Eastern Death’s Head Hawkmoth

These beautiful wings above belong to a hawkmoth – specifically, to an Eastern Death’s Head Hawkmoth (Acherontia styx). Hawkmoths (family Sphingidae) are known for their sustained and agile flying abilities, reminiscent of a hummingbird’s flight and giving rise to another common name, hummingbird moths. There are 12 species of hawkmoths in Egypt. (You can read about two others on the blog – the Convolvulus Hawkmoth and the Striped Hawkmoth). Like all hawkmoths, the Eastern Death’s Head Hawkmoth has narrow wings and a streamlined abdomen, aiding their fast flying.

Acherontia styx is also known as the Small or Lesser Death’s Head Hawkmoth. Globally, there are three species of Death’s Head Hawkmoths (Acherontia spp.), all named in reference to Greek myths of death. A. styx is named after one of the rivers that divides Earth from the underworld. The moths were given this name in reference to the skull-like markings, with two black spots for eyes, on the back of the thoraxes, in addition to their somewhat-gloomy coloring.

Adults have brown heads, dark thoraxes, and a yellow-striped abdomen. Their forewings are mottled brown, grey, and a reddish color. The hind wings are yellow with two black bands. Eastern Death’s Head Hawkmoths have a wingspan of 80 – 120 mm.

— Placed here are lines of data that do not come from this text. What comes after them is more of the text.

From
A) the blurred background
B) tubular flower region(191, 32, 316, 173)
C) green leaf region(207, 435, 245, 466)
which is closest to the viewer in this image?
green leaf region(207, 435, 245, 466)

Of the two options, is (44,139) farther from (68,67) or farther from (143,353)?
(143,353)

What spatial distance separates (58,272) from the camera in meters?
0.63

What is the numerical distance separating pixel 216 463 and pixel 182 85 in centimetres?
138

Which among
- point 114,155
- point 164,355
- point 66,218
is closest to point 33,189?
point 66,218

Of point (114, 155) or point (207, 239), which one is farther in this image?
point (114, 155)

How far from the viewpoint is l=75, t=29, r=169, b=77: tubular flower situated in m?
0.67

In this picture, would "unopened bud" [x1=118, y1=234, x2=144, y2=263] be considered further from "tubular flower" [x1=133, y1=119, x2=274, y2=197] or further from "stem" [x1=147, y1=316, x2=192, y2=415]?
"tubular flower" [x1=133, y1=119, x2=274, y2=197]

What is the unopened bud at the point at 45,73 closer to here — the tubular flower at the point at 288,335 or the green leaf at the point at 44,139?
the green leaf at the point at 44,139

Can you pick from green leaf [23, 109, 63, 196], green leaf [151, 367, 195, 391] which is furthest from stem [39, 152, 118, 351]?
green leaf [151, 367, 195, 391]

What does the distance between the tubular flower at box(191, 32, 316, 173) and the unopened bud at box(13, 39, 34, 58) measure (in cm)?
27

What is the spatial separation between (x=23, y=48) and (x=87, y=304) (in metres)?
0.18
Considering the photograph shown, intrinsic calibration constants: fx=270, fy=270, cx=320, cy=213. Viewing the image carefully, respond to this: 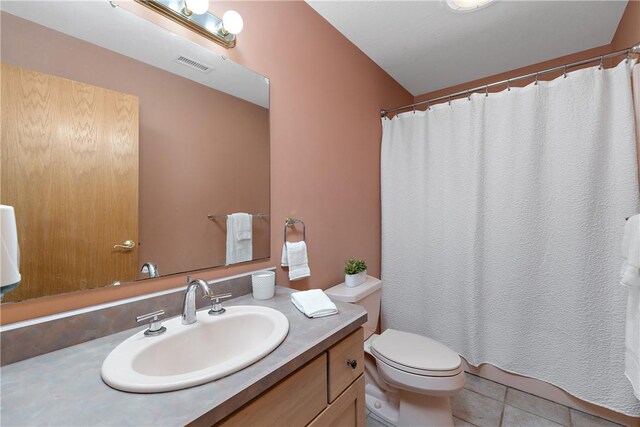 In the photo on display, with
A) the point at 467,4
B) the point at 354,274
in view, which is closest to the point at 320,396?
the point at 354,274

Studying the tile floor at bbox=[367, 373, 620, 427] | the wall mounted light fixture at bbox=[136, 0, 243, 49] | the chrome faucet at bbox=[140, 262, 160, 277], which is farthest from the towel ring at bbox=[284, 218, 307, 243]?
the tile floor at bbox=[367, 373, 620, 427]

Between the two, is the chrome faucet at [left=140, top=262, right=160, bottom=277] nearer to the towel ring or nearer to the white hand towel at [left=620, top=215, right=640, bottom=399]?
the towel ring

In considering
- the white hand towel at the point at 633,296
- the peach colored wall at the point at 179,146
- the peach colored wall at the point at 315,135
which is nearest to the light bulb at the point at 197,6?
the peach colored wall at the point at 315,135

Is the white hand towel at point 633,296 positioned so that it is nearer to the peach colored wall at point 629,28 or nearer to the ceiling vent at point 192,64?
the peach colored wall at point 629,28

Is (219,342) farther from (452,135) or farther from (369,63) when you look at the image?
(369,63)

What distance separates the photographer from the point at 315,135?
1627 mm

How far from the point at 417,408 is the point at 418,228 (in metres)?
1.17

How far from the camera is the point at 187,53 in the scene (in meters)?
1.06

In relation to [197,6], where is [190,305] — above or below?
below

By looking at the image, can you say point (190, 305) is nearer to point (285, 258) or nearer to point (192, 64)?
point (285, 258)

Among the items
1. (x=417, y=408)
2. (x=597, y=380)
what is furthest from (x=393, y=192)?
(x=597, y=380)

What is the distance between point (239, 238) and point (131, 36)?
0.83 m

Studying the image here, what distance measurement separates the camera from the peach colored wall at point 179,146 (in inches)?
30.9

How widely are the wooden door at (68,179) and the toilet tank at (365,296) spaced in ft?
3.42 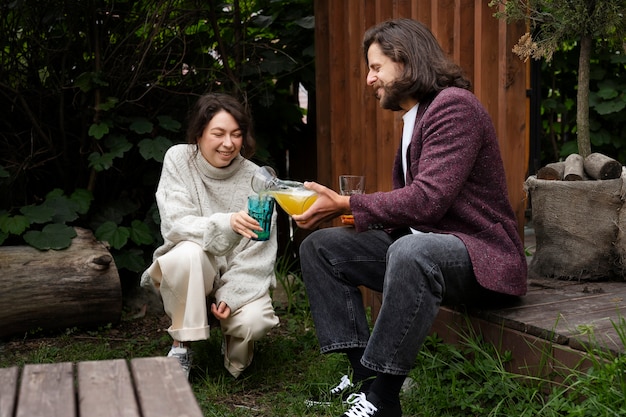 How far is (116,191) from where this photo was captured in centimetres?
493

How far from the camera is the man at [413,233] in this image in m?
2.59

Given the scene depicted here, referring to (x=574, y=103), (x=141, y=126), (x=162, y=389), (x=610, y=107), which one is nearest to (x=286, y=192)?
(x=162, y=389)

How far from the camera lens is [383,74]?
290 cm

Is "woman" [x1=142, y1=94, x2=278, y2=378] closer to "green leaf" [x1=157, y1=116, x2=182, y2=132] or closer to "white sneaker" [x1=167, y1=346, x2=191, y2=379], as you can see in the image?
"white sneaker" [x1=167, y1=346, x2=191, y2=379]

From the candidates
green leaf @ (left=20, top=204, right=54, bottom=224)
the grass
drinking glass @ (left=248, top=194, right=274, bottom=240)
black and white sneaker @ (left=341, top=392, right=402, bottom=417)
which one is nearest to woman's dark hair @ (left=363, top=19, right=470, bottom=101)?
drinking glass @ (left=248, top=194, right=274, bottom=240)

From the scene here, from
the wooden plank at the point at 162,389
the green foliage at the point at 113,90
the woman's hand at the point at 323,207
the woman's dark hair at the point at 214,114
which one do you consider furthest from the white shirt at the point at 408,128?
the green foliage at the point at 113,90

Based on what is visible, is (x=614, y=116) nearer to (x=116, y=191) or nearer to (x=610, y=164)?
(x=610, y=164)

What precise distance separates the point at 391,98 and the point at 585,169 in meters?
1.06

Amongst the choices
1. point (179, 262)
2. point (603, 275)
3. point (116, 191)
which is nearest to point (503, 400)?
point (603, 275)

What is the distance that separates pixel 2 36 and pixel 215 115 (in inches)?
72.9

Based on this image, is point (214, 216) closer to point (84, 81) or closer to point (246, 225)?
point (246, 225)

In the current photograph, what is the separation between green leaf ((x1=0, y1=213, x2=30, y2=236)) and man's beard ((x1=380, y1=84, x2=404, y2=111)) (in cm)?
211

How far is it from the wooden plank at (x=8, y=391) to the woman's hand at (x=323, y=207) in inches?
45.7

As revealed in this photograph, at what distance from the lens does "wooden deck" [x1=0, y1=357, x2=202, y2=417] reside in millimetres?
1650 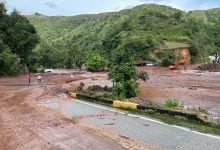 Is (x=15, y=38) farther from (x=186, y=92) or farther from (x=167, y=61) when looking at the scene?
(x=186, y=92)

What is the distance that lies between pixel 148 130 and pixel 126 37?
7014 cm

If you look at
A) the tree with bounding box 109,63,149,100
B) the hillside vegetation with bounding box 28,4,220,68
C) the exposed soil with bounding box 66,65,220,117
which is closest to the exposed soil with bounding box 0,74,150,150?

Eggs are laid, and the larvae (caterpillars) feed, on a range of plants – potato, aubergine, tomato, tobacco, olive, as well as Capsicum, Solanum, Datura, and Nicotiana species. The larvae are yellow/green with yellow lateral stripes and go through several instars. When mature, they dig under the soil to pupate.

And these critters get more interesting!

Death’s Head Hawkmoths can, if disturbed, rapidly expel air to emit a loud squeak, similar to that of an agitated mouse. And these hawkmoths are also known as bee moths because of their ability to safely enter bee hives and drink the honey. They do this with the use of a chemical camouflage; they mimic the scent of bees.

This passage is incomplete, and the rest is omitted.